The data.
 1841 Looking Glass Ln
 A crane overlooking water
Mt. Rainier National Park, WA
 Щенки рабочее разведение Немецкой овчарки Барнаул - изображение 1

...

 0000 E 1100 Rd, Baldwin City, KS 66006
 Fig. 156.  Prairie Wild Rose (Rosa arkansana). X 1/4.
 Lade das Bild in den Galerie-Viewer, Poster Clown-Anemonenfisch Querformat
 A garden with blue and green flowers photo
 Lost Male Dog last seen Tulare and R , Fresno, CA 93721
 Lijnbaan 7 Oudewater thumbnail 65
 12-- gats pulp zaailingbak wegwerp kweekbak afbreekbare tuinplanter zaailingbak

* * *

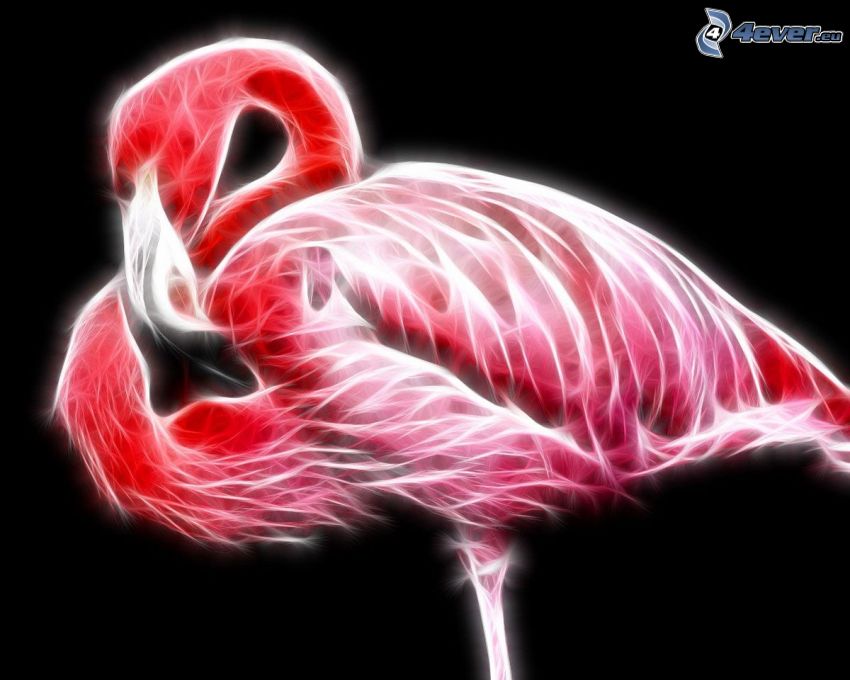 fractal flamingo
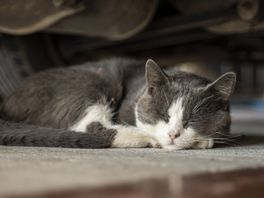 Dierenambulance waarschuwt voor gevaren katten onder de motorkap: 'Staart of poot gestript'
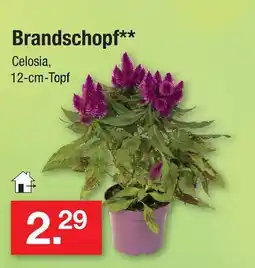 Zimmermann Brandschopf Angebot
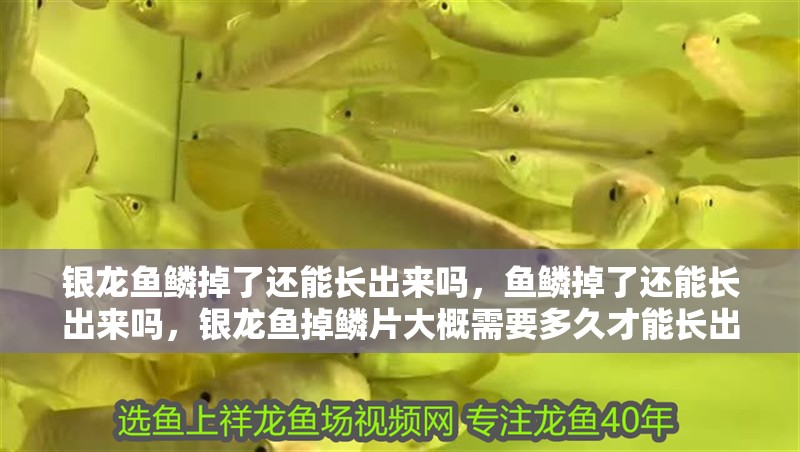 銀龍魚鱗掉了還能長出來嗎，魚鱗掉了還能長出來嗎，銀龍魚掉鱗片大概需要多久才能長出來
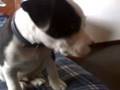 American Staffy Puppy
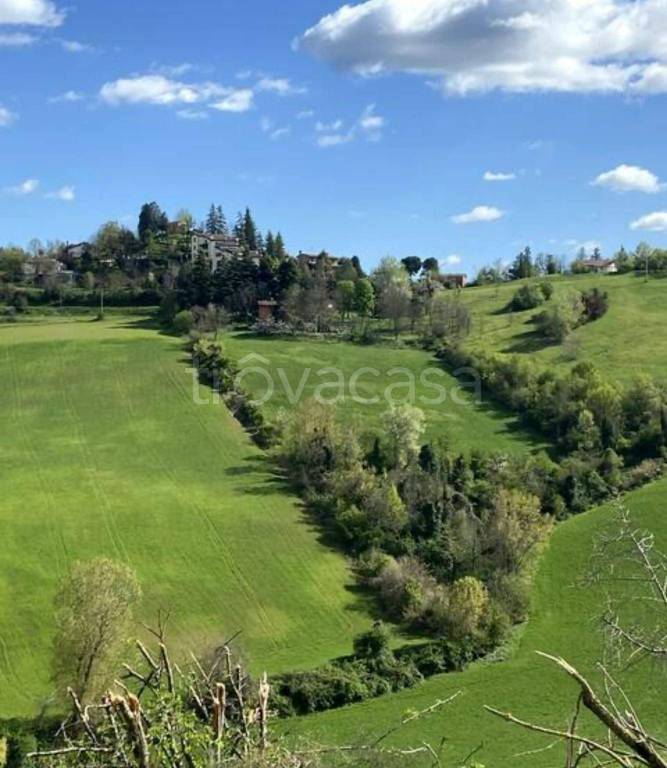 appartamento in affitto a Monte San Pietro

Problem to work on. Leaving out all pictures, set down exactly the lines of the material above, from the line with "American Staffy Puppy" to the line with "appartamento in affitto a Monte San Pietro" inclusive, and no others.

Answer to the exercise.
 American Staffy Puppy
 appartamento in affitto a Monte San Pietro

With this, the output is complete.